Tilley not only designed clothing, she also entered into a collaboration with Ad Lumen. For this, she designed her first lighting collection that matched the style of her clothing. The lamps were characterized by expressive and flowing lines. The lamps are made of copper and stainless steel. The glass for the lamps was mouth-blown, which ensured that they were always unique and different in shape. The copper was given an intense red color in different shades by heating, where there is no uniformity and depth was created. The lighting collection was part of a new way of working by Ad Lumen. They called on designers who have nothing to do with design and lighting. In addition, she also created a Fashion room for the Royal Windsor hotel, characterized by a chalky white color.
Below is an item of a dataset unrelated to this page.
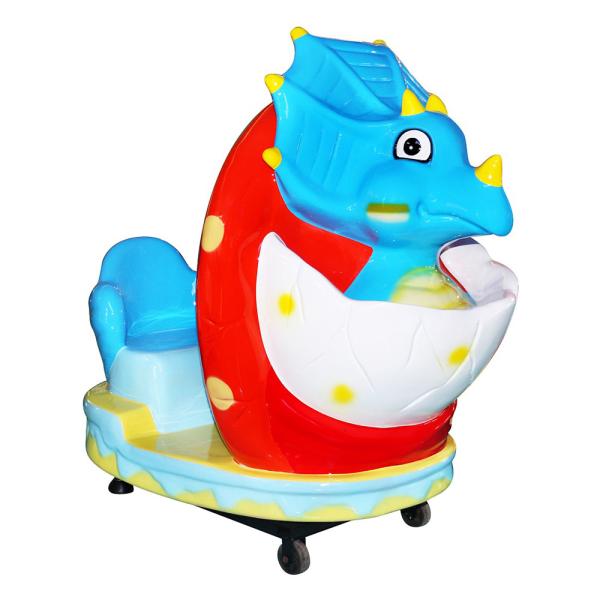 Kids Coin Operated Kiddie Ride / Animal Dinosaur Coin Operated Carousel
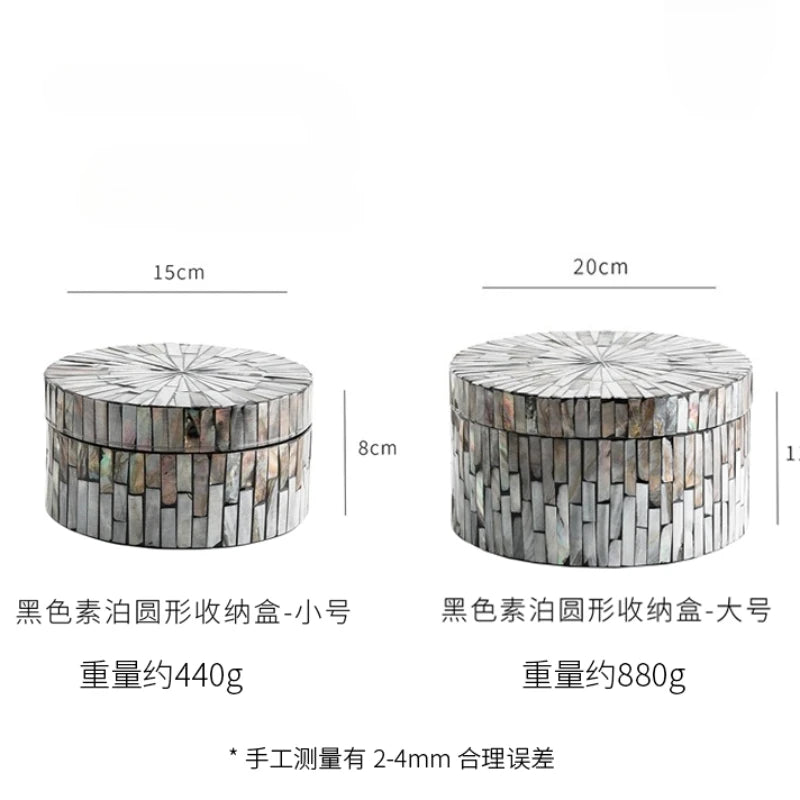 Natural and Colorful Shell with Lid Storage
In the meantime, she became an established name, as evidenced by the retrospective exhibition organized in the Gaasbeek Castle in 2005. Her new winter collection was inspired by the last resident of the castle; Marchioness Arconati Visconti.

In 2007, Tilley collaborated again with a brand outside the fashion scene. She was asked to embellish the Elnett hairspray spray can by L’Oréal with a drawing. She wanted to show a sophisticated, exceptionally feminine but above all liberated woman in her design. From 2007 onwards, Tilley organized exhibitions/experiences on her domain, a former water mill, in Asbeek (Asse). During these events, her creations were exhibited, but prototypes and paintings of hers were also sold. In 2009, the central theme of this exhibition/experience was Albino. While the exhibitions of the previous two years were mainly retrospective, in 2009 she showed exclusively new creations.
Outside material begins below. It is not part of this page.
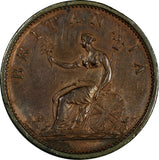 Great Britain George III Copper 1806 1 Penny Soho Mint 34 mm XF KM# 663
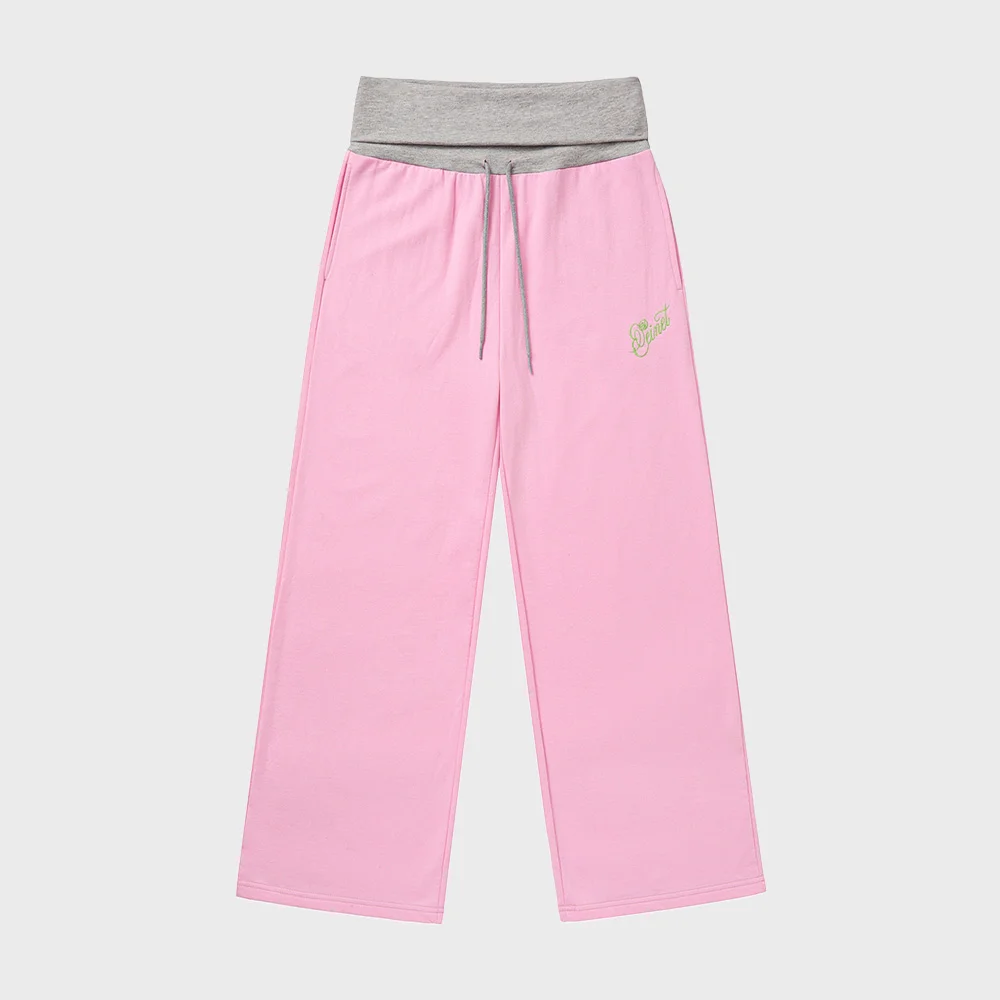 ROSE DOUBLE SWEAT PANTS IN LIGHT PINK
After the bankruptcy of her shops in Brussels and Antwerp in 2009, a relaunch was started after two years. Under the name Salon de Rencontre Belle Boudoir, a complete experience world/experience was created. Tilley wanted to offer party and bridal wear, jewelry, the children's collection, lighting and furniture at an exclusive room level. In the salons, a permanent collection was for sale, with new creations added every month that were organized thematically. The clothing was handmade and could be made to measure.

==Death and legacy==
Tilley died unexpectedly on 22 June 2012 of pneumonia by pneumococcus. Her funeral took place on 28 June in an intimate setting at her estate in Asbeek. Before her death, she still had several ongoing projects. For example, she designed the uniforms for the cabin crew of Thomas Cook Airlines Belgium and there was the collection for the clothing chain JBC. In addition, she was still working on the costume design for the musical Peter Pan. The designs were further completed by her daughters Rebekka and Epiphany.

In September 2012, the two daughters organised a sale of collection and archive items as a farewell. They also took over the fashion company and created, among other things, the prêt-à-porter collections Heaven in 2013 and Earth in 2014. The Heaven collection was made in the style and atmosphere of Kaat Tilley. With this, the daughters wanted to show that the Kaat Tilley label would continue to exist. The Earth collection of 2014 showed the vision and the personal perspective of the two daughters on the label.

In 2014, the non-profit organization Het Forum van Vlaamse vrouwen organized the overview exhibition “Tussen Hemel en Aarde” around Kaat Tilley. This took place in the Augustinian monastery in Ghent. With this, her daughters wanted to pay tribute to their deceased mother. Fashion creations, paintings, sculptures and sketchbooks were shown at the exhibition.

In 2017, Rebekka and Epiphany decided to put the fashion brand on hold to go their own way. In connection with this, their mother's domain in Asbeek was also sold.